> [ACTIVITY]: Copy the material below verbatim from the line with "- thumbnail 14" to the line with "Chapter 12 - Image 7", both lines included, omitting pictures and every line outside that range.

> [SUPPLIED INFORMATION]:
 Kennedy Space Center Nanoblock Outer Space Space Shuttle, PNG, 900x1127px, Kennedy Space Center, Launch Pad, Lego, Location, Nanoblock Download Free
--
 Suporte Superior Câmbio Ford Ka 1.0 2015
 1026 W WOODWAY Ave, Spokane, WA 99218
==
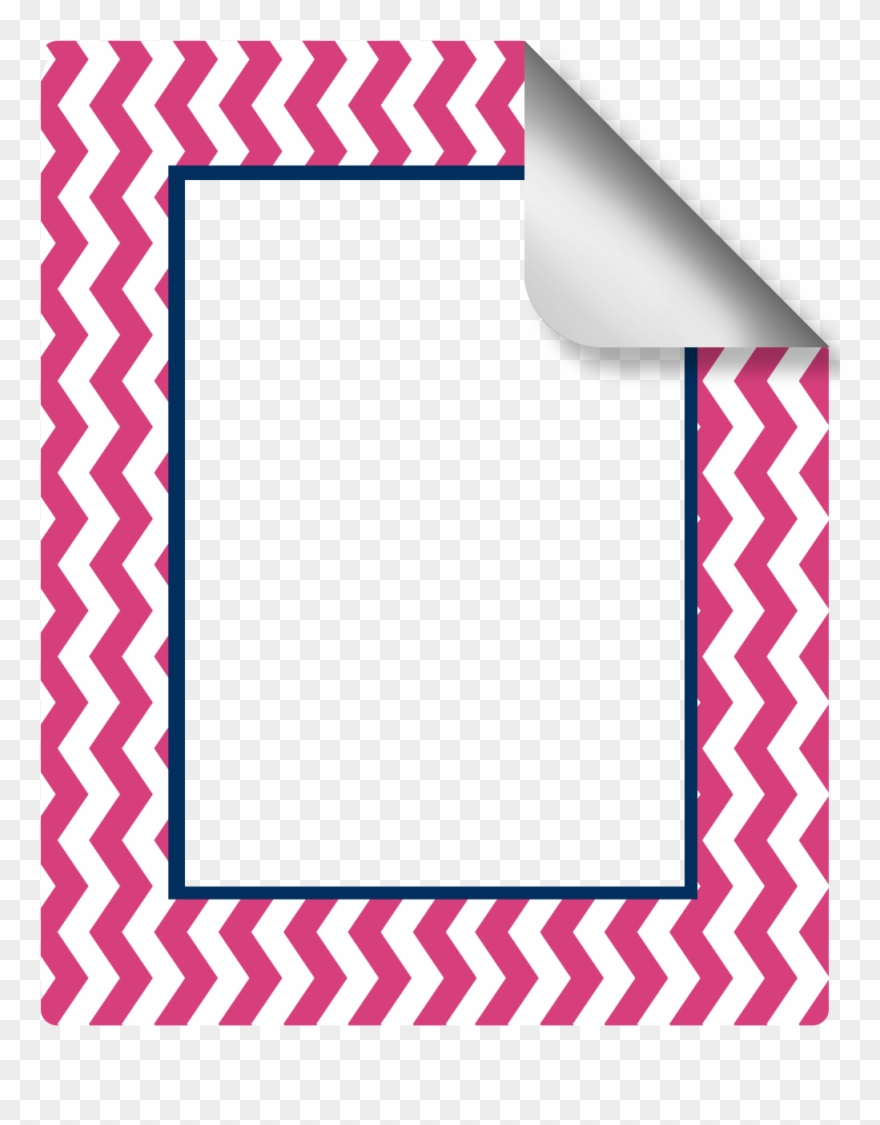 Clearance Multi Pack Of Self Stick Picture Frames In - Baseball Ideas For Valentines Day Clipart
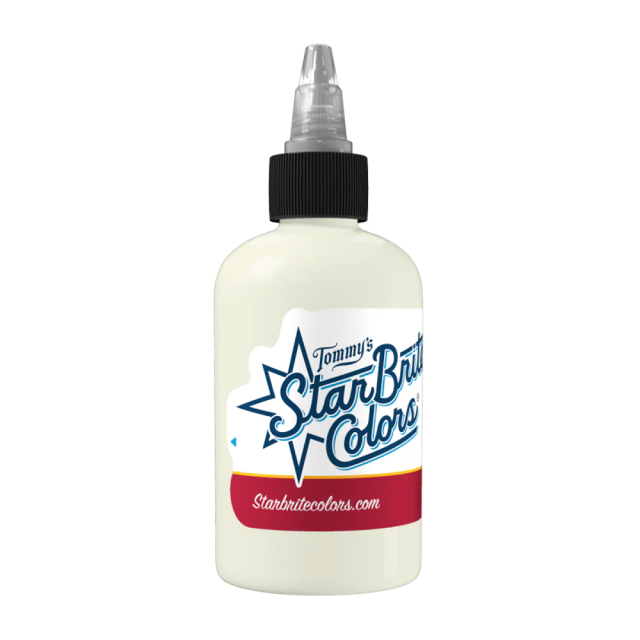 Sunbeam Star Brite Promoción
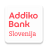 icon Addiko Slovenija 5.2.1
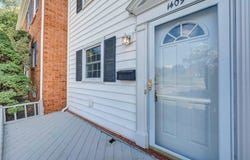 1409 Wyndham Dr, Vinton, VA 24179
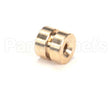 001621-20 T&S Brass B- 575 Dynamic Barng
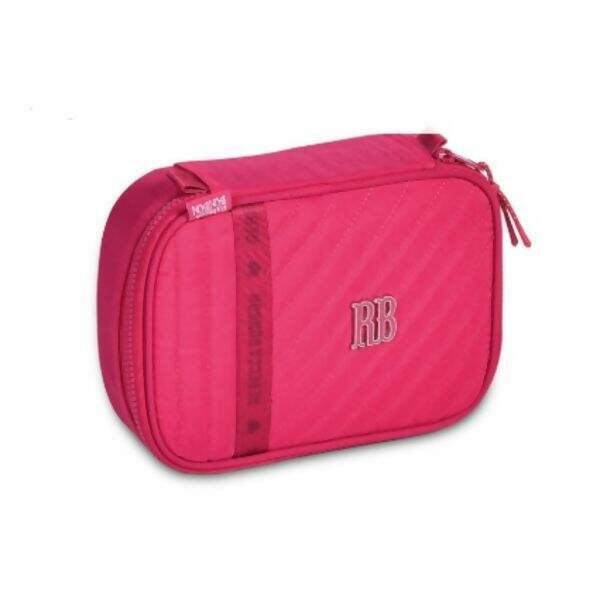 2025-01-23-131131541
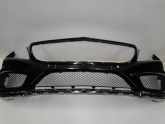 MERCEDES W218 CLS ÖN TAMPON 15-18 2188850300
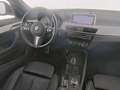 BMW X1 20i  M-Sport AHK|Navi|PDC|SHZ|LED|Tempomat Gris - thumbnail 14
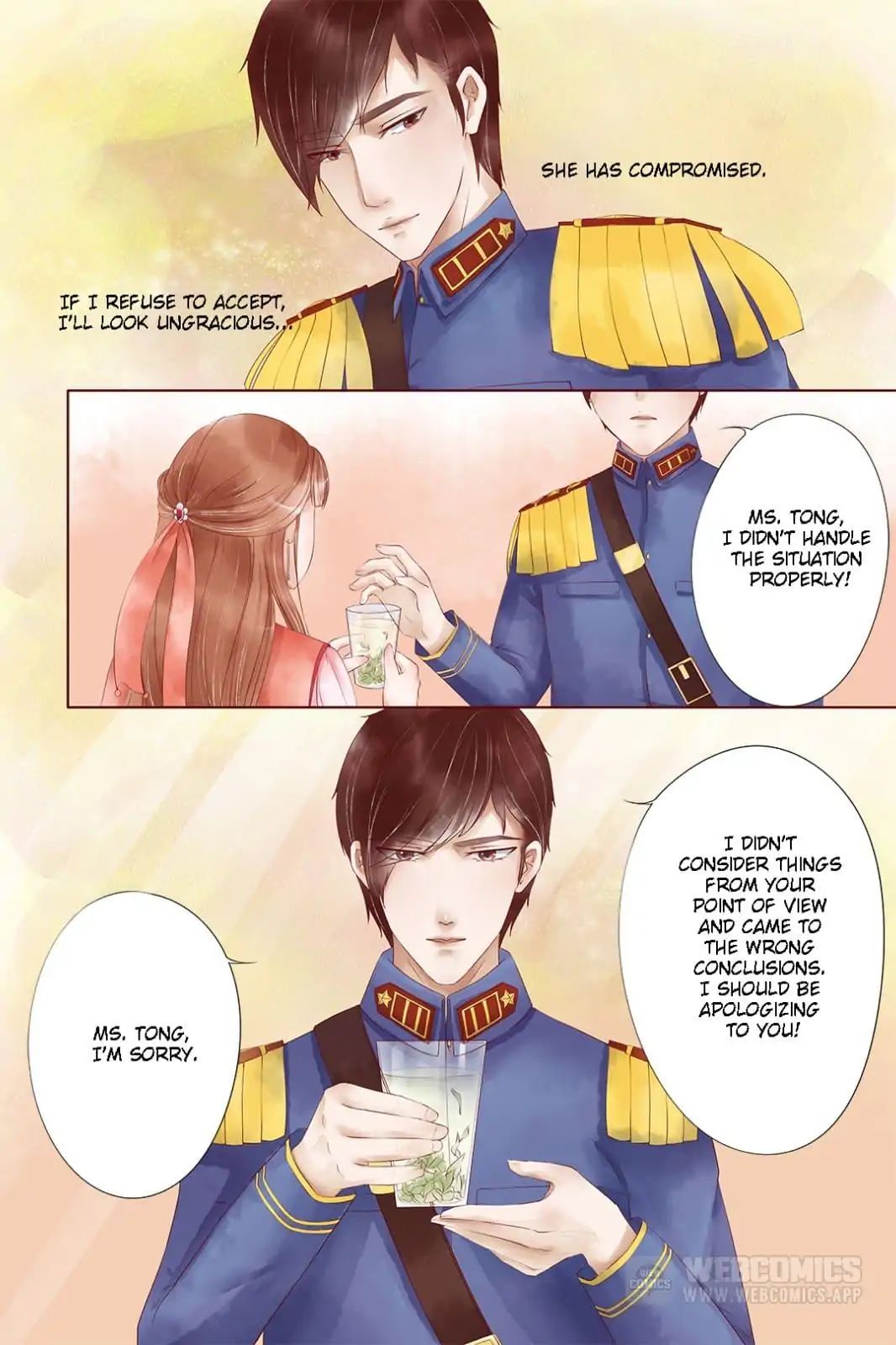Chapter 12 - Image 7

> [EXERCISE RESPONSE]:
 BMW X1 20i  M-Sport AHK|Navi|PDC|SHZ|LED|Tempomat Gris - thumbnail 14
Chapter 12 - Image 7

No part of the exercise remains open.